TLD 25's are fine for Balckin but TLD 50/ Penn 50/ Whatever 50 are necesary for any decent sized Yellerfins. 

He's right about Star Rods too - I used to have all Seeker Rods but their warranty "service" I found to be lacking. Have had very few problems with Stars and their warranty service is excellent.

Catch


----------



## Chris V (Oct 18, 2007)

I have to second Freespool's comment on the Tiagra 16. They are by far IMO the best "all around" reel. Mine have seen action with big tuna, marlin, swords, etc. and have never had to replace the original drag washers even after using up to 30lbs of drag with them. They cost more but are well worth it to me. Since I mostly use mine for live baiting and chunking,I spool mine with 600 yards of 80lb hollow core spectra and then top shot with 100ft. of 60-80lb mono.


----------



## Nat (Oct 10, 2007)

while we're on the TLD subject, I'd like to point out that the TLD star 15/30 and 20/40 models are fantastic light weight high speed reels for bottom fishing and jigging. I have a couple of them and use them for bottom fishing.

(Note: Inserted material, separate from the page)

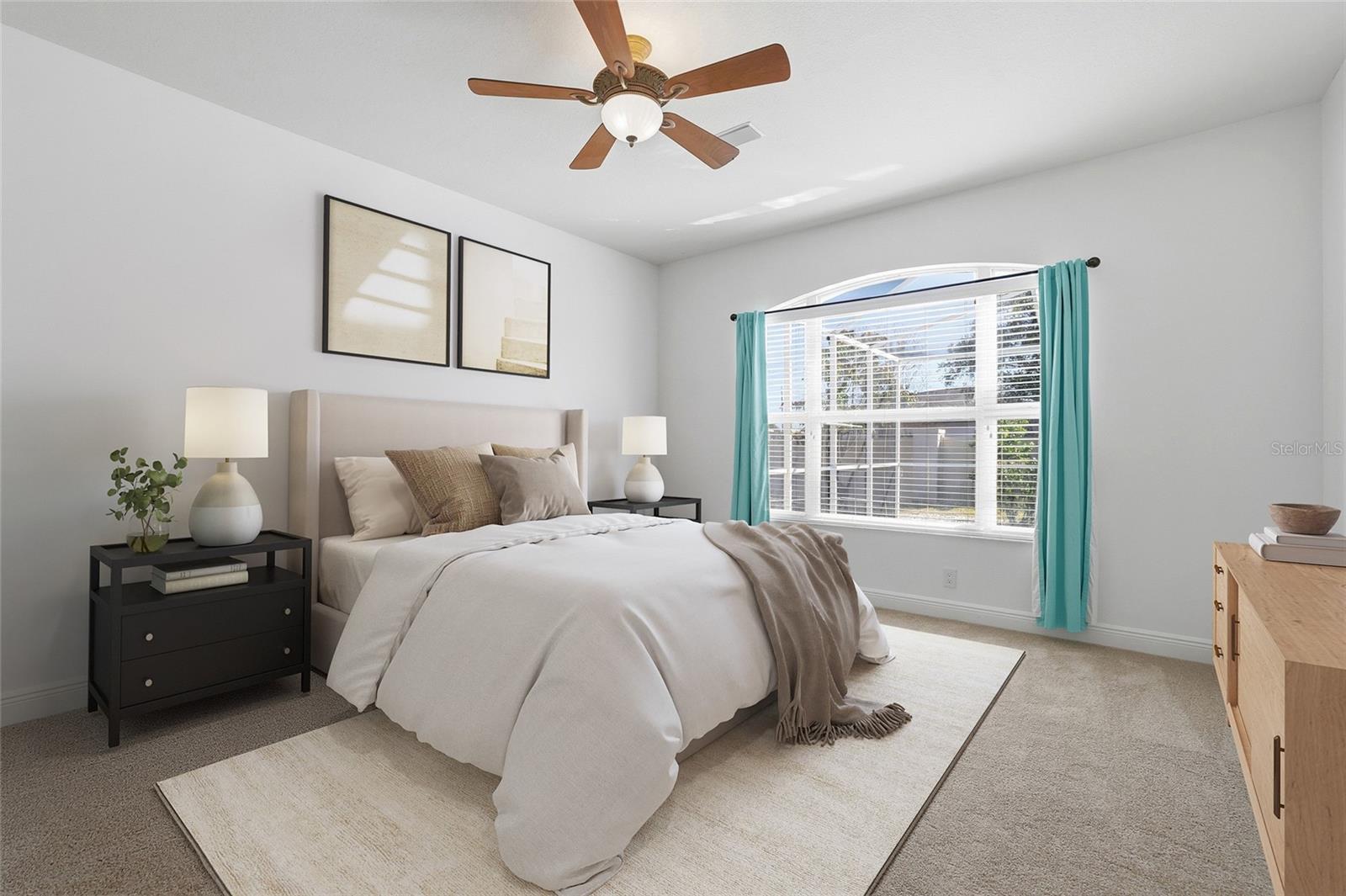 Master Bedroom Downstairs with plenty of room for your King Sized bed and a couch+dresser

caught a monster Jack Cravelle last year on one, that fish about whipped my butt !

http://alantani.com/index.php?topic=17.0

the gears shown in this reel service tutorial are alot larger than those in the Torium or Trinidad

(open the link and read thru the pictures)

quality reel for a budget minded fisherman

you can find them used for about $30.00 to $50.00 bucks


----------



## mayday 57 (Nov 18, 2008)

thanks for everyones help I will go with the tld 25s with probly 40# mono . 

looking forward to wahoo and dolphin fishing in 2010.


----------



## lobsterman (Sep 30, 2007)

I agree with magic236. Penns are old school and the new ones aren't worth the powder to blow them up. If you go that route get a Daiwa sea line 600H. By far a stronger reel than Penn. Penn used to be the measure that all other reels were judged by but now they don't even make good anchors...too light.


----------



## Chris V (Oct 18, 2007)

You won't be dissapointed with it. Good luck this coming season.


----------